Projeto de poço artesiano, segundo a ABNT NBR 12.212:2017, é o pacote completo de engenharia que vai do estudo de viabilidade até a operação do poço — perfuração, completamento, ensaios, outorga e ligação à rede de uso. A primeira fase desse projeto, e a única que decide se o investimento faz sentido antes de uma broca tocar o solo, é o estudo de viabilidade de poço artesiano: o documento técnico, financeiro e legal que cruza geofísica, teste de bombeamento, modelagem CAPEX/OPEX e análise de outorga. A ABNT NBR 12.212:2017 obriga esse diagnóstico em seis fases — não é opcional, é norma.

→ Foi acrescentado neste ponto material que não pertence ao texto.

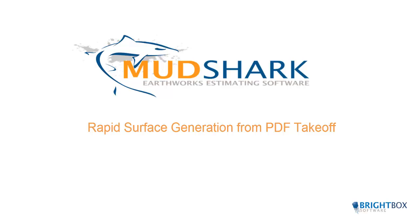In this movie we are going to show how quickly an existing site surface can be generated from a PDF plan.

Projeto de poço artesiano = estudo de viabilidade + perfuração + completamento + outorga

O mercado costuma embaralhar três coisas: "perfurar um poço", "fazer um projeto de poço artesiano" e "fazer um estudo de viabilidade". Não são sinônimos. Perfurar é a execução mecânica. Projeto de poço artesiano é o desenho de engenharia regido pela NBR 12.212:2017, que envolve geólogo (ART), engenheiro de perfuração (ART), análise hidroquímica e outorga. Estudo de viabilidade é a primeira fase do projeto — a que determina se o aquífero entrega a vazão necessária e se o CAPEX se paga. Sem essa fase, o projeto nasce torto e o orçamento vira aposta.

Poço artesiano vs. poço tubular profundo — a distinção que muda o contrato

O termo popular "poço artesiano" entra no título por SEO, mas o documento técnico fala de poço tubular profundo (ou tube well / borehole, na terminologia internacional usada por BGS e IGRAC). Artesiano stricto sensu é o poço jorrante (nível piezométrico acima da boca do poço), e a maioria dos poços comerciais não é jorrante. A distinção importa nas seções de teste, outorga e contrato — tratar todo poço tubular como artesiano gera ambiguidade jurídica na cláusula de vazão e na análise hidroquímica.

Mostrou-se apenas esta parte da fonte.